= Wyzeman Marshall =

American actor, educator and theatre manager (1816–1896)

Wyzeman Marshall (Hudson, New Hampshire, September 26, 1816 – December 6, 1896) was a stage actor in New York City and Boston between the 1820s and 1870s, as well as a teacher of oration and elocution. He often shared the same stage with Edwin Booth, brother of Abraham Lincoln assassin John Wilkes Booth.

==Ccareer==
In the 1850s, Wyzeman taught oratory at the Norway Liberal Institute in Massachusetts. Among his students was the painter Darius Cobb.

From 1858 to 1860, he was a "Past Junior Grand Warden" with St. John's Lodge, a Freemason organization in Boston.

Sometime in the early 1860s, Marshall managed the Howard Athenaeum in Boston.

In 1863 and 1864, the Boston Theater was under the Marshall's management.

The Waltham Sentinel (in Waltham, Massachusetts) reported on January 25, 1867, about a Rumford Institute lecture by Marshall, "the well-known Shakesperian [sic] actor".

Between 1867 and 1874, Marshall was a regular lecturer at the Salem Lyceum where he was often on the same bill as Frederick Douglass, Ralph Waldo Emerson and Oliver Wendell Holmes Sr.

From the Harvard News: "Secure your tickets for the grand musical and literary entertainment at Union Hall, Thursday evening, Jan. 17, 1884, at Brock and Leavitt's. Talent-Germania Orchestra; Thomas Henry, cornetist; Wyzeman Marshall, elocutionist; Mrs.
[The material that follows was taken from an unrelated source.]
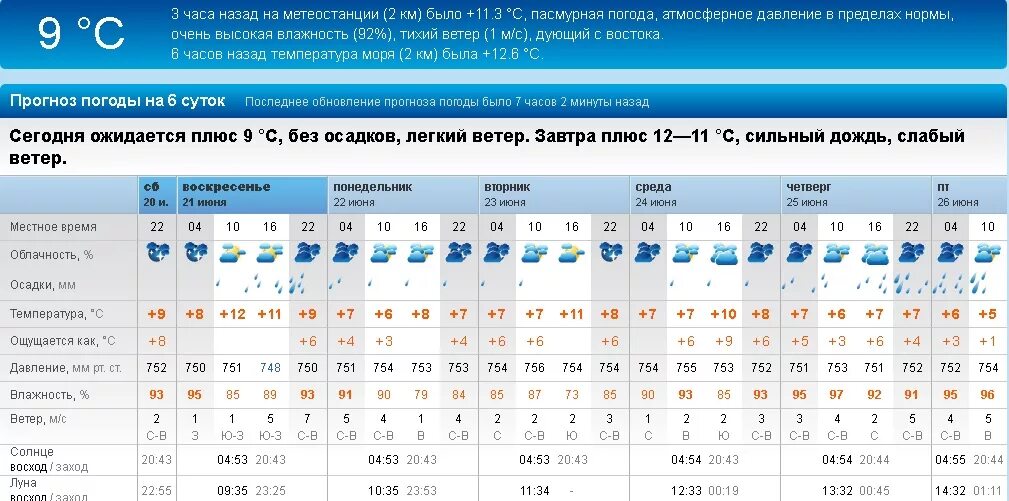 Какая бывает погода в москве. Владивосток климат по месяцам. Климат Владивостока таблица. Климат во Владивостоке летом. Приморский край среднемесячная температура.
E. A. Taylor, soprano; Lotos Glee Club."

On December 4, 1896, The New York Times reported: "Wyzeman Marshall, the actor, Dying." He was referred to as a veteran actor and teacher of elocution.

== Actresses who studied under Marshall ==
- Charlotte Blair Parker (1858–1937)

== Family ==
Marshall had a brother, Leonard Marshall, who published a book in 1854, titled Hunter's Glee, dedicated to Wyzeman. Containing many references in the German language, the book included music composed by Leonard.